Weeks before Joe Biden was inaugurated as President in January 2021, I, David Schenker, the Assistant Secretary for Near East Affairs, traveled to the Western Sahara. This trip aimed to reinforce and solidify the U.S. commitment to the region before the transition of power. It was particularly crucial following President Trump’s controversial decision to recognize Moroccan sovereignty over the disputed territory and establish a consulate there to encourage Morocco’s normalization of relations with Israel. This decision had raised questions about U.S. credibility and diplomatic assurances to the indigenous Sahrawi population represented by the Algerian-backed Polisario Front.

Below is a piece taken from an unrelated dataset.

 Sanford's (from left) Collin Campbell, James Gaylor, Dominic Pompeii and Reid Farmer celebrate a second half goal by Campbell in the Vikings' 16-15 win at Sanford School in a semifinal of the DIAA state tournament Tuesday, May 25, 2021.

During my visit, I embarked on a tour of a potential site for a U.S. consulate in the southern town of Dakhla, identified by the Moroccan Foreign Ministry. While this excursion was largely symbolic due to the time constraints and State Department bureaucracy, it served as a public reaffirmation of Washington’s promise of a consulate in Western Sahara. Many were concerned that the Biden administration would walk back the recognition, so this gesture was important.
Despite the downsides of Trump’s decision and concerns about U.S. credibility, the Morocco-Israel deal has brought significant benefits to the involved parties, the wider region, and U.S. interests. To date, around 55 states, nearly 30 percent of all countries, have expressed support for Moroccan rule.

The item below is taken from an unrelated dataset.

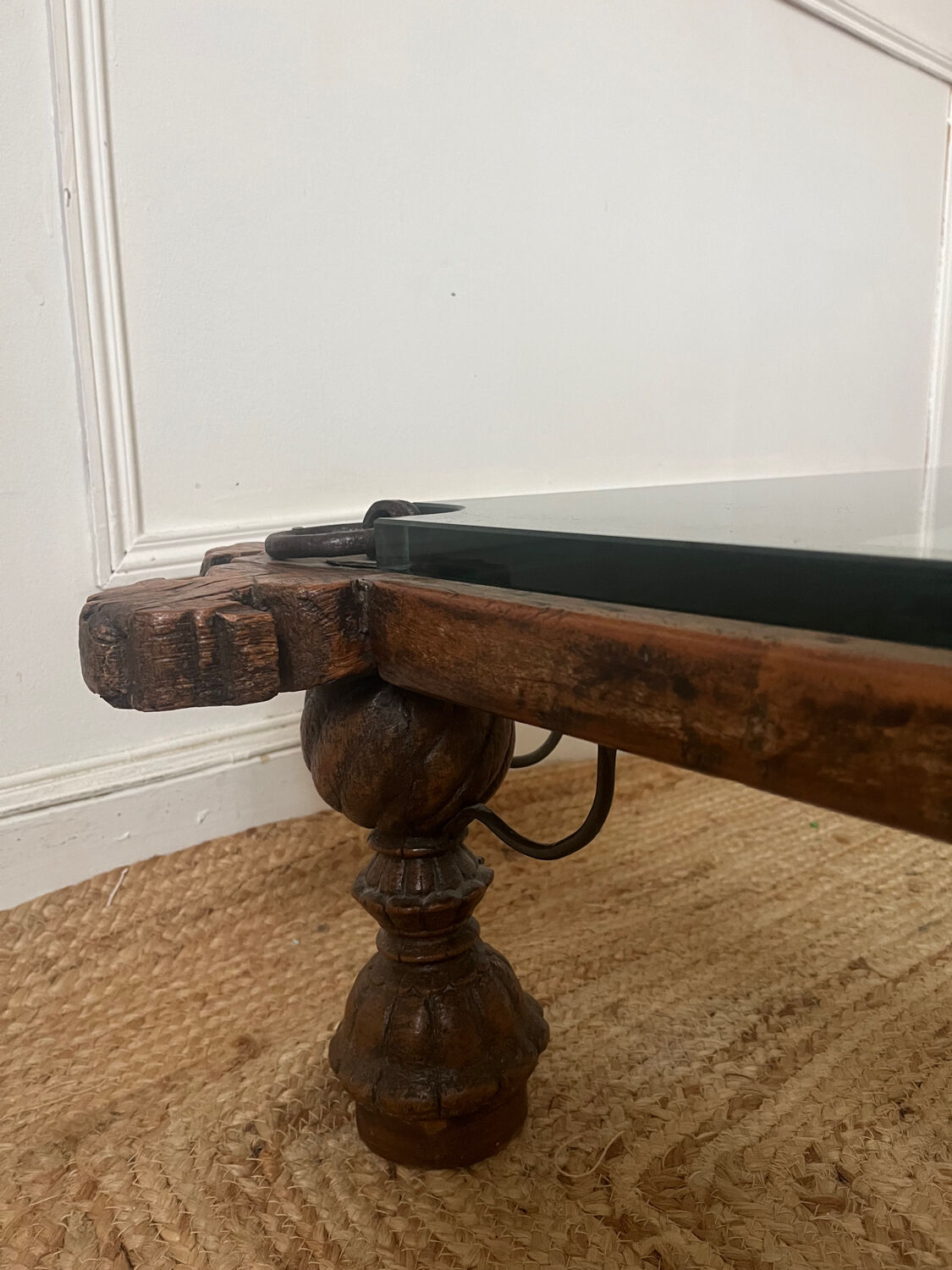 Indian coffee table made of wood and wrought iron.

However, the Biden administration has shown ambivalence, if not hostility, toward the Trump administration’s recognition of Moroccan sovereignty. Shortly after the inauguration, the administration announced a review of U.S. policy on Western Sahara, raising the possibility of rescinding the decision. Since then, there has been no official reaffirmation of the recognition, and efforts to open a consulate have stalled. The U.S. Embassy in Rabat still features outdated information about a virtual mission in Dakhla on its website.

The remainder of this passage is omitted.